>
> Hi,
>
> From your information it is hard to say something about it. The bug can be in FreeBSD, OpenJDK (the Oracle part or in the BSD port part), in Hadoop or in your own code running on top of Hadoop.
>
> My first idea would be to eliminate some of the possibilities.
> - Run a Linux machine with the same versions of the software.
> - Try FreeBSD 9-stable.
I will try at least FreeBSD-9 soon (never used Linux so it will take more time and not so relevant because I want to continue to use FreeBSD, not just move to Linux)
> - Try an older version of OpenJDK on FreeBSD.
I already tried latest versions of openjdk-6/7/8 from ports.

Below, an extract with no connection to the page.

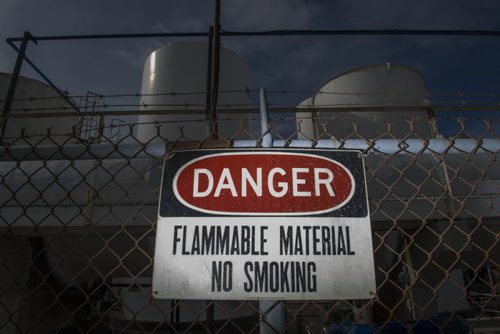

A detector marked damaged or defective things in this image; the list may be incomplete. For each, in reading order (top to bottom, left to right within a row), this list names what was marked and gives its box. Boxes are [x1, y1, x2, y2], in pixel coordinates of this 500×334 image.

corroded fence wire [0, 108, 498, 332]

7 and 8 behaves the same way (as I described in my original e-mail). Below is the output of jstack for openjdk7 (java process running taskttacker):
46897 hadoop 147 21 0 1927M 625M uwait 22 14:31 7.86% java
/tmp# jstack -l 46897
46897: Unable to open socket file: target process not responding or HotSpot VM not loaded
The -F option can be used when the target process is not responding
/tmp# jstack -F -l 46897>/tmp/jstack.out
Attaching to process ID 46897, please wait...
Exception in thread "main" java.lang.reflect.InvocationTargetException
at sun.reflect.NativeMethodAccessorImpl.invoke0(Native Method)
at sun.reflect.NativeMethodAccessorImpl.invoke(NativeMethodAccessorImpl.java:57)
at sun.reflect.DelegatingMethodAccessorImpl.invoke(DelegatingMethodAccessorImpl.java:43)
at java.lang.reflect.Method.invoke(Method.java:606)
at sun.tools.jstack.JStack.runJStackTool(JStack.java:136)
at sun.tools.jstack.JStack.main(JStack.java:102)
Caused by: sun.jvm.hotspot.debugger.UnalignedAddressException: 746f705b762f4867
at sun.jvm.hotspot.debugger.bsd.BsdDebuggerLocal$1.checkAlignment(BsdDebuggerLocal.java:183)
at sun.jvm.hotspot.debugger.bsd.BsdDebuggerLocal.readCInteger(BsdDebuggerLocal.java:485)
at sun.jvm.hotspot.debugger.DebuggerBase.readAddressValue(DebuggerBase.java:454)
at sun.jvm.hotspot.debugger.bsd.BsdDebuggerLocal.readAddress(BsdDebuggerLocal.java:430)
at sun.jvm.hotspot.debugger.bsd.BsdAddress.getAddressAt(BsdAddress.java:74)
at sun.jvm.hotspot.HotSpotTypeDataBase.readVMTypes(HotSpotTypeDataBase.java:154)
at sun.jvm.hotspot.HotSpotTypeDataBase.<init>(HotSpotTypeDataBase.java:85)
at sun.jvm.hotspot.bugspot.BugSpotAgent.setupVM(BugSpotAgent.java:573)
at sun.jvm.hotspot.bugspot.BugSpotAgent.go(BugSpotAgent.java:494)
at sun.jvm.hotspot.bugspot.BugSpotAgent.attach(BugSpotAgent.java:332)
at sun.jvm.hotspot.tools.Tool.start(Tool.java:163)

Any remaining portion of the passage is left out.